È successo sui banchi di un’aula affollata: aveva appena iniziato la laurea magistrale in Psicologia e, assistendo a un corso di sociologia delle disuguaglianze, la sestese Irene Facheris decise che voleva cambiare le cose, a partire da se stessa. Il 21 gennaio è uscito il suo secondo libro: ‘Parità in pillole’, edito da Rizzoli.
Irene, dopo Creiamo Cultura Insieme questo è il tuo secondo libro. Cosa è cambiato dalla prima esperienza?
«Il mio primo libro è uscito settembre 2018, questo solo un anno dopo, a gennaio 2020. Nel primo caso, il volume è andato in ristampa dopo due giorni, arrivato a 3mila copie vendute. Anche Parità In Pillole è andato in ristampa dopo soli 3 giorni, ma con 6mila copie vendute. È stata una grande emozione».
Come mai hai deciso di scrivere un libro che richiama proprio la tua rubrica, già molto conosciuta?

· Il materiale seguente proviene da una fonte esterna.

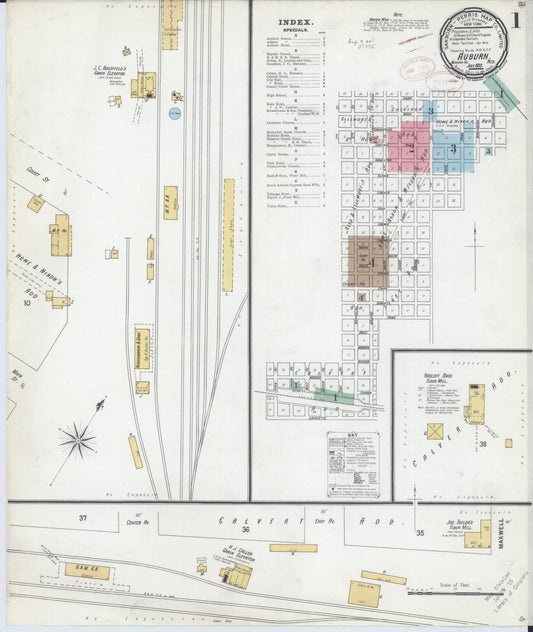 Sanborn Fire Insurance Map from Auburn, Nemaha County, Nebraska (1899), Sheet #0001 - Historic Sanborn Fire Insurance Map Print, vintage old map wall art, antique decor, genealogy gift, Nebraska Nebraska map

«Ho pensato che dovesse rimanere qualcosa, in una forma diversa e più fruibile. Qualcuno sta guardando le puntate ma sono tantissime, ben 150, e un libro di 200 pagine è più facile da consultare. C’è anche il fattore ordine: le puntate di parità in pillole hanno seguito un ordine logico fino a un certo punto. Con il libro volevo immettere nel mondo qualcosa che avesse una logica anche temporale».
Di cosa parla Parità In Pillole?
«La tematica principale è il femminismo e le questioni di genere. Diciamo che si potrebbe definire un vademecum: chiama i fenomeni sociali con il loro nome, ne spiega le origini, spiega perché siamo tutti e tutte coinvolte. Io credo che non esistano persone cattive, ma solo poco consapevoli di certi meccanismi e di come questi facciano male anche a loro. Per esempio, una delle prime pagine del libro ha come oggetto proprio me e i miei comportamenti di qualche tempo fa».
A chi consiglieresti questo libro?
«A chi sente di averne bisogno e a chi scoprirà di averlo. A tutti coloro che hanno bisogno di avere un posto che racchiuda queste questioni. Ma è pensato anche per chi non ne sa ancora nulla, per tutti coloro che pensano che la parità sia raggiunta. Per aprire gli occhi senza sentirsi giudicati».